Men still vastly outnumber women in political leadership positions. But researchers from around the world have been studying the effects of gender on policymaking when women do gain power. Most of this work looks at legislators, or women elected to local governments, but it suggests that there are very positive gains for women when other women govern.

In this 2011 paper, researchers from the UK and Spain wanted to find out whether woman politicians in India were more likely than their male counterparts to affect positive change in women’s health.

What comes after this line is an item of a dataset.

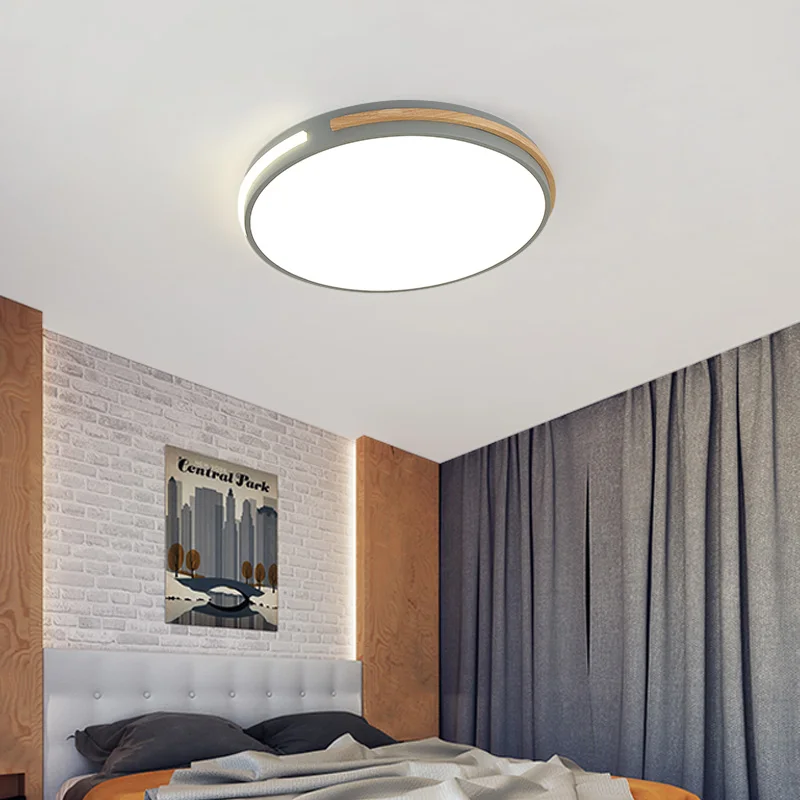 Modern Wood Living room And Hall Ceiling lamp Led Ceiling Lamp For Bedroom Loft Office Kitchen Dining Circular Decor Indoor ligh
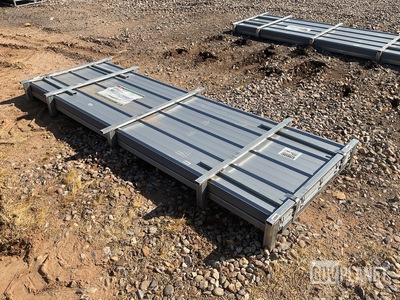 (100) Piece Lot of 10' Long Corrugated Steel Panels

They compared villages with close elections, where there was less than a 3 percent difference between whether a man or woman won an election. The researchers found that "a one standard deviation increase in women’s political representation results in a 1.5 percentage point reduction in neonatal mortality, an outcome that is closely tied to investments in maternal health."

In other words, there was a strong link between female political representation at the village level and improvements in child and maternal health outcomes, at least in the short term. (There’s no researchers linking female leadership to long-term health outcomes, and that kind of correlation would be difficult to establish since so many things influence health in the long run.)

The researchers also discovered that the likelihood of women doing other important things for their health and the health of their families — attending antenatal clinics, breastfeeding, immunizing their children — improved more under female leaders compared to male leaders. "The estimated impacts are large," the researchers wrote, "suggesting that raising women’s political representation may be an effective — and novel — way of improving public health delivery in developing countries."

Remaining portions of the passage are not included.